Journal for immunotherapy of cancer2021; 9(9); doi: 10.1136/jitc-2021-002688

Simple and effective bacterial-based intratumoral cancer immunotherapy.

Abstract: We describe intratumoral injection of a slow-release emulsion of killed mycobacteria (complete Freund's adjuvant (CFA)) in three preclinical species and in human cancer patients. Efficacy and safety were tested in mammary tumors in mice, in mastocytomas in mice and dogs, and in equine melanomas. In mice, survival, tumor growth, and tumor infiltration by six immune cell subsets (by flow cytometry) were investigated and analyzed using Cox proportional hazards, a random slopes model, and a full factorial model, respectively.

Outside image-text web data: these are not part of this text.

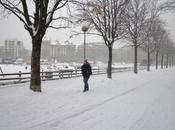 Genève sous neige samedi novembre 2010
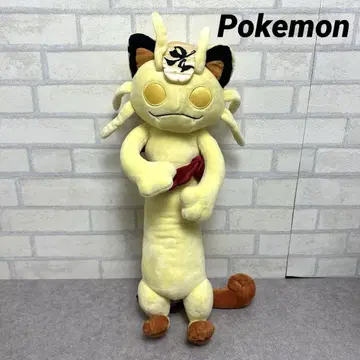 Pokemon 포켓몬 나옹(냐스) 거다이맥스 모습 봉제 인형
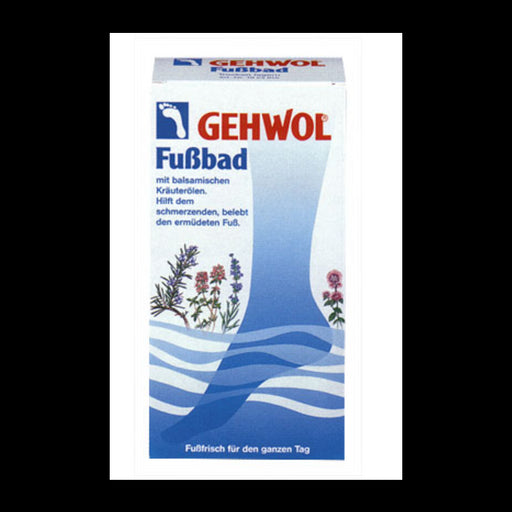 Gehwol - Foot Bath-Blue/Bleue-Bain De Pied (400G) - Limolin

Tumor growth and histology were investigated in dogs and horses, as well as survival and tumor immunohistochemistry in dogs. Tumor biopsies were taken from human cancer patients on day 5 (all patients) and day 28 (some patients) of treatment and analyzed by histology. CT scans are provided from one patient. Significantly extended survival was observed in mouse P815 and 4T1 tumor models. Complete tumor regressions were observed in all three non-human species (6/186 (3%) of mouse mastocytomas; 3/14 (21%) of canine mastocytomas and 2/11 (18%) of equine melanomas). Evidence of systemic immune responses (regression of non-injected metastases) was also observed. Analysis of immune cells infiltrating mastocytoma tumors in mice showed that early neutrophil infiltration was predictive of treatment benefit. Analysis of the site of mastocytoma regression in dogs weeks or months after treatment demonstrated increased B and T cell infiltrates. Thus, activation of the innate immune system alone may be sufficient for regression of some injected tumors, followed by activation of the acquired immune system which can mediate regression of non-injected metastases. Finally, we report on the use of CFA in 12 human cancer patients. Treatment was well tolerated. CT scans showing tumor regression in a patient with late-stage renal cancer are provided. Our data demonstrate that intratumoral injection of CFA has major antitumor effects in a proportion of treated animals and is safe for use in human cancer patients. Further trials in human cancer patients are therefore warranted. Our novel treatment provides a simple and inexpensive cancer immunotherapy, immediately applicable to a wide range of solid tumors, and is suitable to patients in developing countries and advanced care settings.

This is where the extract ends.